EXERCISE PROMPT
Transcribe, word for word, all of the entries below, and exclude any pictures from the copy.

RECORDS FOR THIS EXERCISE
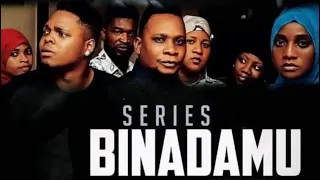 BINADAMU EPISODE 61 (SEASON 6)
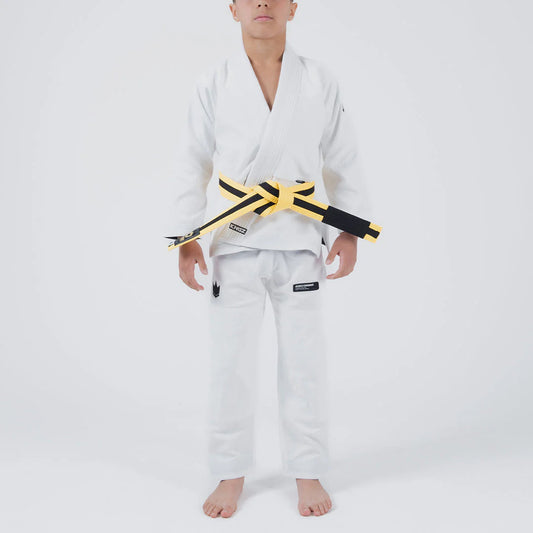 Kimono para niños Kingz "Kore 2.0"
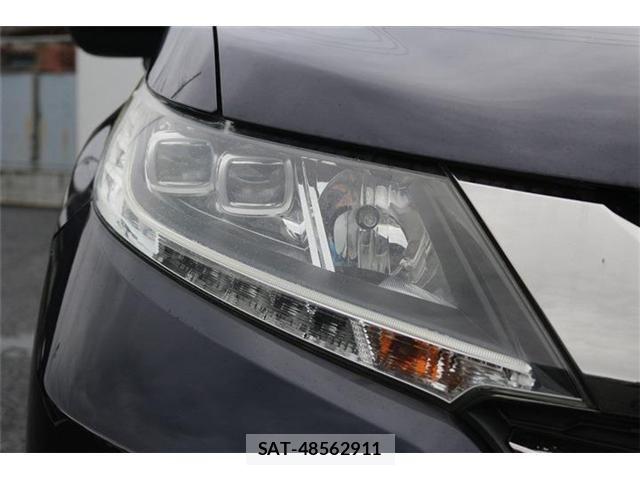 Honda ODYSSEY 2014-01 7502129-11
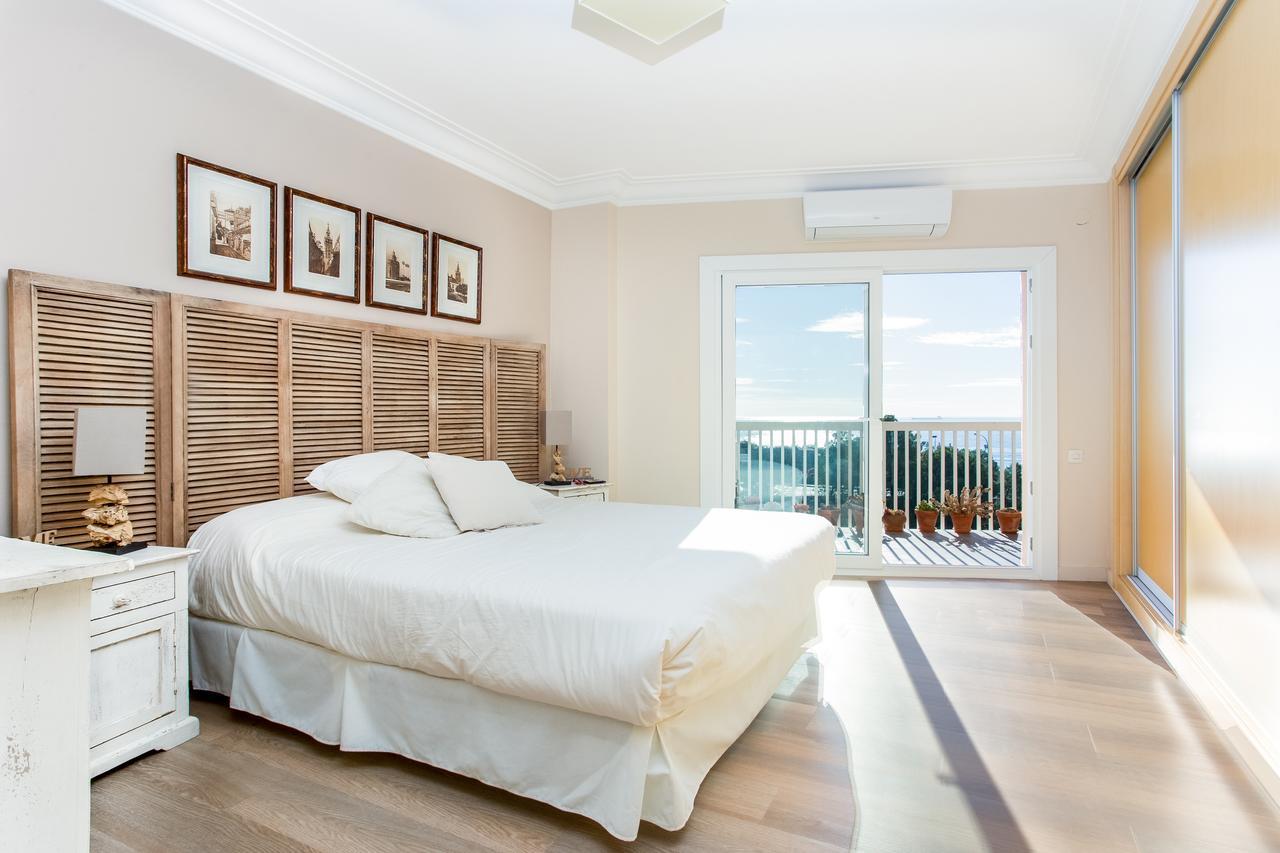 Apartamento Miracle Tarragona, Tarracohomes Εξωτερικό φωτογραφία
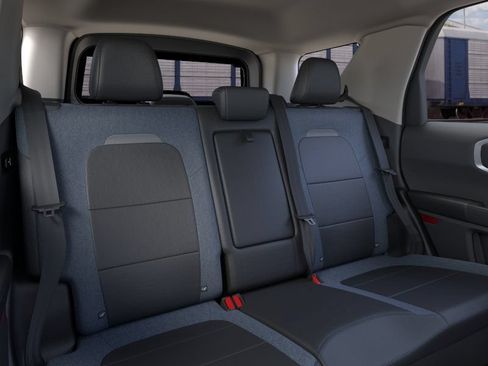 New 2026 Ford Bronco Sport Outer Banks AWD/4WD image 13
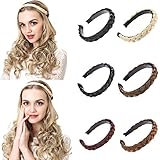 SARLA Braided Headband 0.78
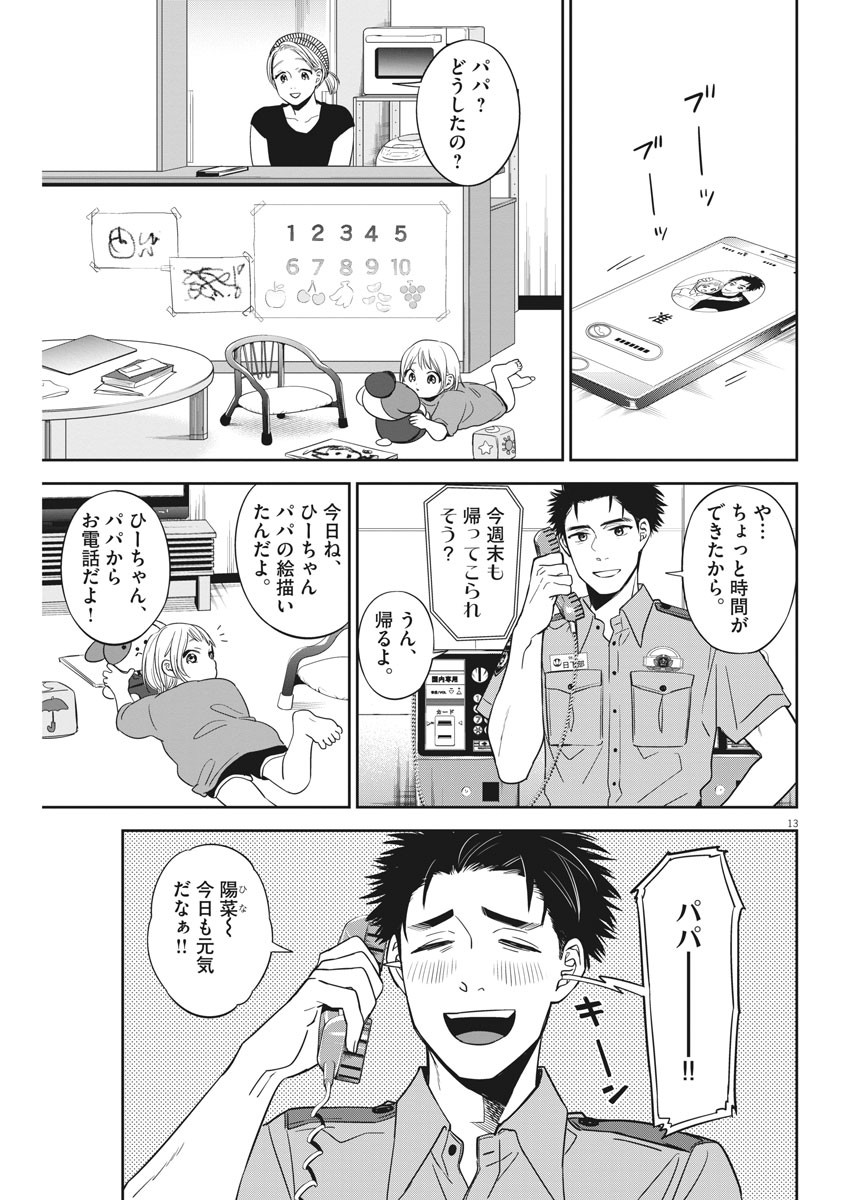 13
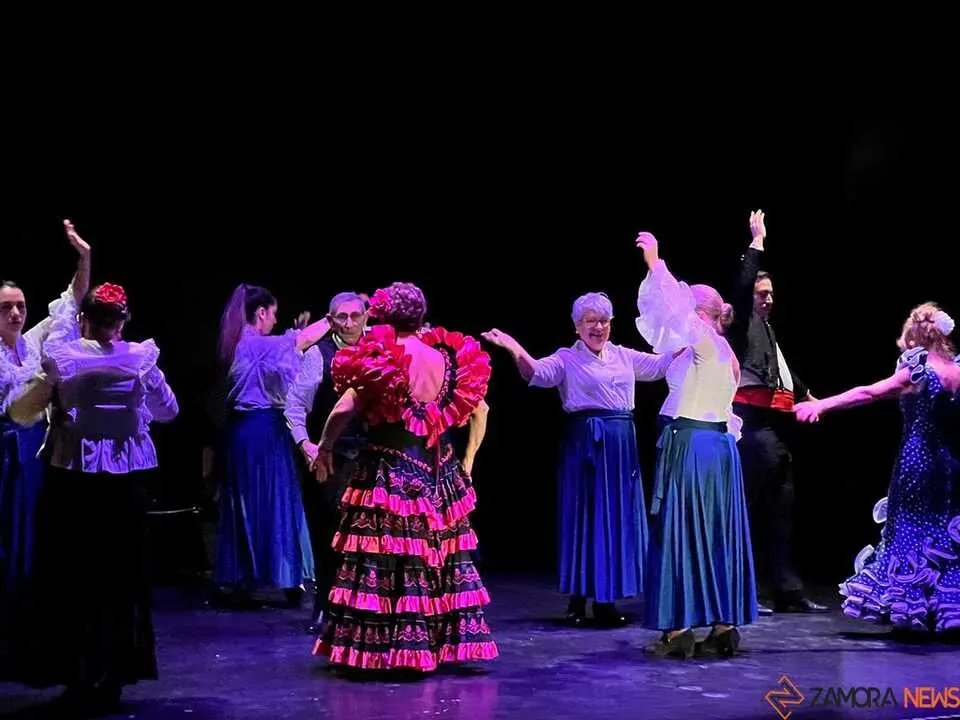 Aires Rocieros Corriendo con el Corazon por Hugo _19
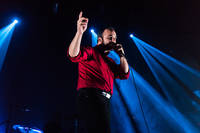 2017-11-01 - Future Islands från Pustervik, Göteborg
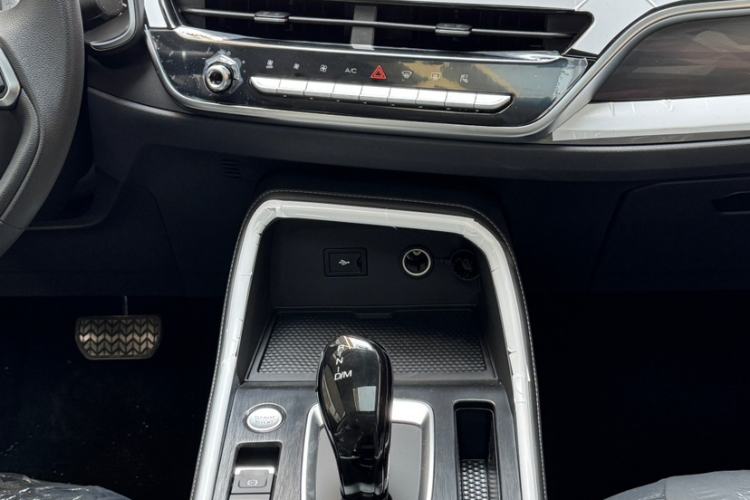 Used Haval H6 2025 1.5T National Style Urban Edition Interior 1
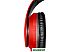 Наушники с микрофоном Defender FreeMotion B580 (63581) (красный) Наушники с микрофоном Defender FreeMotion B580 (63581) (красный)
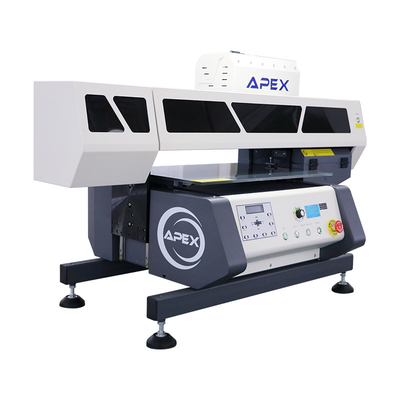 Garment Shop 4060 APEX A2 UV Printer UV Printer For Pen Printing Machine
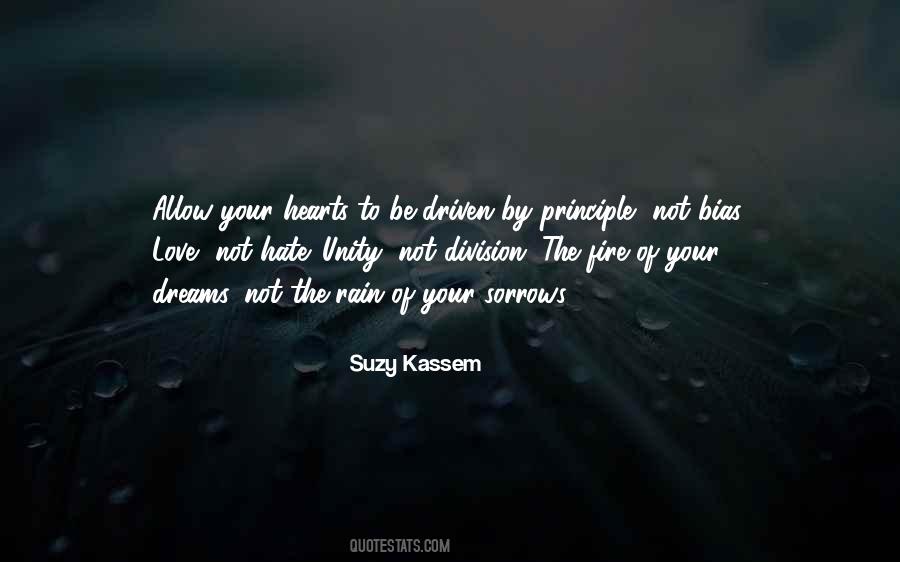 Suzy Kassem Quotes #1398716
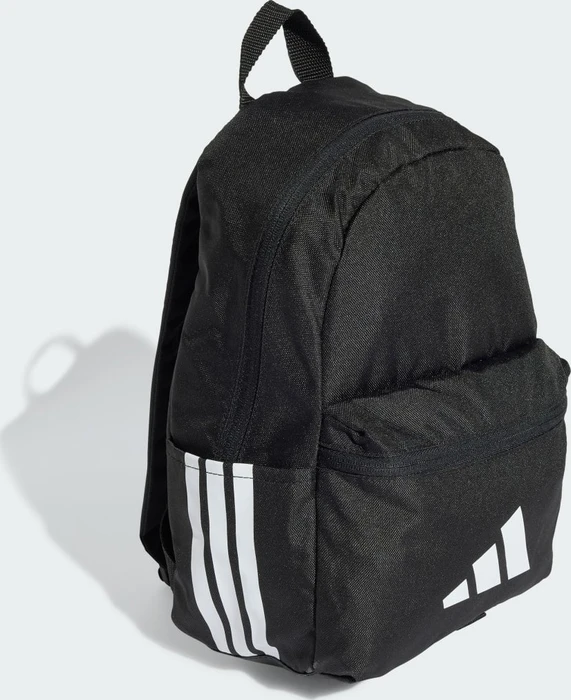 adidas Logo Rucksack schwarz (Junior)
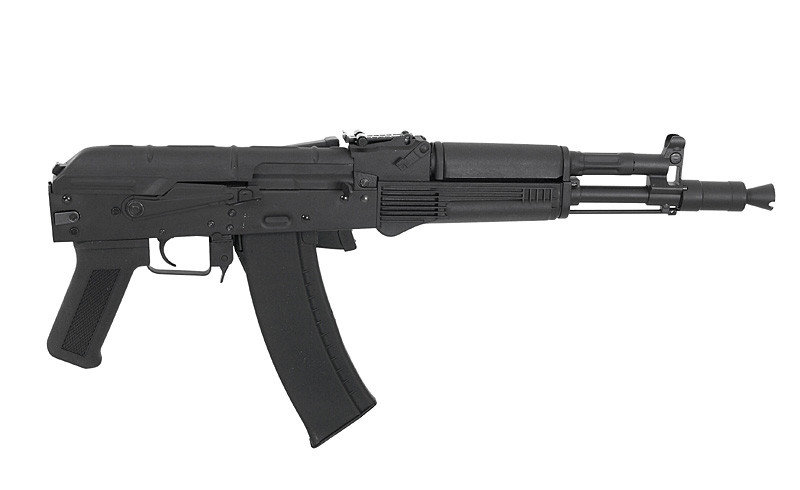 Автомат страйкбольный (Cyma) CM040B AKS 105 (АК-105)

SOLUTION FOR THIS TASK
 BINADAMU EPISODE 61 (SEASON 6)
 Kimono para niños Kingz "Kore 2.0"
 Honda ODYSSEY 2014-01 7502129-11
 Apartamento Miracle Tarragona, Tarracohomes Εξωτερικό φωτογραφία
 New 2026 Ford Bronco Sport Outer Banks AWD/4WD image 13
 SARLA Braided Headband 0.78
 13
 Aires Rocieros Corriendo con el Corazon por Hugo _19
 2017-11-01 - Future Islands från Pustervik, Göteborg
 Used Haval H6 2025 1.5T National Style Urban Edition Interior 1
 Наушники с микрофоном Defender FreeMotion B580 (63581) (красный) Наушники с микрофоном Defender FreeMotion B580 (63581) (красный)
 Garment Shop 4060 APEX A2 UV Printer UV Printer For Pen Printing Machine
 Suzy Kassem Quotes #1398716
 adidas Logo Rucksack schwarz (Junior)
 Автомат страйкбольный (Cyma) CM040B AKS 105 (АК-105)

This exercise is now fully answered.